I cut the handle down on my OAV to about 6-8" and on the only two I've ever done is remove the top cover, tilt the bottom of the divider board which is solid wood, back towards the back of the hive and slid the OAV in and dropped a rag down in the remaining opening. 
Girls never knew I was there.


----------



## cgybees (Apr 20, 2015)

mgstei1 said:


> I cut the handle down on my OAV to about 6-8" and on the only two I've ever done is remove the top cover, tilt the bottom of the divider board which is solid wood, back towards the back of the hive and slid the OAV in and dropped a rag down in the remaining opening.
> Girls never knew I was there.


Did you have honey bars in the hive at the time? What time of year did you do the treatment? Did you worry at all about residue in the honey? A number of places reccommend not treating with OAV with honey supers on a lang, however that's a bit different than a TBH.


----------



## NSBee (Dec 20, 2014)

I am a 1st year beek so i don't know but have been looking for answers myself .
i watched a video on youtube of a guy treating with oav using a home made vaporizer he had made from copper plumbing pipe with a closed off end . he put the powder in the pipe and heated it with a blow torch with the open end in the hive entrance ,
I would think this method would work well for TBH or long lang hives which is what i have .


----------



## cgybees (Apr 20, 2015)

NSBee said:


> I am a 1st year beek so i don't know but have been looking for answers myself .
> i watched a video on youtube of a guy treating with oav using a home made vaporizer he had made from copper plumbing pipe with a closed off end . he put the powder in the pipe and heated it with a blow torch with the open end in the hive entrance ,
> I would think this method would work well for TBH or long lang hives which is what i have .

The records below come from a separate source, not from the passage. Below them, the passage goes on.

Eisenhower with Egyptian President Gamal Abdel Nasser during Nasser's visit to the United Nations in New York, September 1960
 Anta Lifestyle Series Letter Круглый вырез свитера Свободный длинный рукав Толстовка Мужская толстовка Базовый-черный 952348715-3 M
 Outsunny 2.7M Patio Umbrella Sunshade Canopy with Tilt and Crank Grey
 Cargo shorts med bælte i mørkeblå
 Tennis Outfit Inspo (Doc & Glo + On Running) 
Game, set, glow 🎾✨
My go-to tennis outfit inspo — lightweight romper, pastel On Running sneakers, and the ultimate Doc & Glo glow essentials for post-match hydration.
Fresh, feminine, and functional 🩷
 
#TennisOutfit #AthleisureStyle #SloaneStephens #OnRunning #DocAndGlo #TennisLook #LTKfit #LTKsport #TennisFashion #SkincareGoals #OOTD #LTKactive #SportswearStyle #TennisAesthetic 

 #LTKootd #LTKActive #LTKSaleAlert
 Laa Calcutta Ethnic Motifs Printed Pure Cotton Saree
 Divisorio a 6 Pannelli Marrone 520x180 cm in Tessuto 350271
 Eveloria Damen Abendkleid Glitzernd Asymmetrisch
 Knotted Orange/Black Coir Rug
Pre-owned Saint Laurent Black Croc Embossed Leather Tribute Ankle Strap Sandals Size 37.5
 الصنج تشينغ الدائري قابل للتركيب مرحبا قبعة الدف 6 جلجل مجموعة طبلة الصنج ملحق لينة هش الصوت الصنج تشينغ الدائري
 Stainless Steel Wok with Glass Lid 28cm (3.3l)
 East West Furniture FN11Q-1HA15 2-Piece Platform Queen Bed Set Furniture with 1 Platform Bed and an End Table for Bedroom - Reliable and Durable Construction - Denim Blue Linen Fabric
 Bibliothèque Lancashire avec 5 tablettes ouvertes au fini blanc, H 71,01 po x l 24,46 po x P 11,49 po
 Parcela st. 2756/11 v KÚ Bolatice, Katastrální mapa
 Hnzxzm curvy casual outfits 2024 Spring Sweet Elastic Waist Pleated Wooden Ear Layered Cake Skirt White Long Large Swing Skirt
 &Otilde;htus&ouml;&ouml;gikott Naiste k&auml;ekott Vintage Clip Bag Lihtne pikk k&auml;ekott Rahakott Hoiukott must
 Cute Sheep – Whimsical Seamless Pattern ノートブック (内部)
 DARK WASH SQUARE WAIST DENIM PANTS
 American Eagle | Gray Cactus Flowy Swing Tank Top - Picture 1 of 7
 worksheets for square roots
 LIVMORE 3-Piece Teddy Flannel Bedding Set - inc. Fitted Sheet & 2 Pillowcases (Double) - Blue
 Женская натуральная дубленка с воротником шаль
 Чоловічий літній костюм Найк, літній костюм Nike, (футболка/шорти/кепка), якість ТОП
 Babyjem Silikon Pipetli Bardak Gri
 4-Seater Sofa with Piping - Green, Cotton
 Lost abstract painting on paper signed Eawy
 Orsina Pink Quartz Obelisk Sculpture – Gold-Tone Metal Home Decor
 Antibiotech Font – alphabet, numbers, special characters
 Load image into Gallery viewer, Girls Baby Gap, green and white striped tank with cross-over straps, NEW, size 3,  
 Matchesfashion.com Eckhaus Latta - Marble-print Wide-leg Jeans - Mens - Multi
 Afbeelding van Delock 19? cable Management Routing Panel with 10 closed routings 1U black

I've looked at a few people's comments on the copper pipe method... seems like you run a risk of overheating, etc..but here's a link to what you're describing.

http://www.beesource.com/forums/showthread.php?303256-DIY-Oxalic-acid-treatment-viewed-through-a-TBH-window

Michael Bush has this to say: 
Question: How do you treat for Varroa in a top bar hive?
Answer: I don't. I depend on the smaller natural cell size. But you could put a hole in and use oxalic acid vapor or you could drizzle oxalic acid or you could use powdered sugar. 
http://www.bushfarms.com/beestopbarhives.htm

(as a side note, powdered sugar doesn't seem effective - relevant link: http://scientificbeekeeping.com/powdered-sugar-dusting-sweet-and-safe-but-does-it-really-work-part-1/)

A good discussion on another forum: http://www.biobees.com/forum/viewtopic.php?p=107014

Having said that, other than the pipe, or fitting a standard vaporizer into the hive by some method, I haven't found any other options.


----------



## Ketuel (May 1, 2015)

Where did you get the Oxalic Acid? If I buy at at a hardware store, would it be called another name?
Thanks,
Ketuel


----------



## dudelt (Mar 18, 2013)

It is called Savogran (the brand name) wood bleach


----------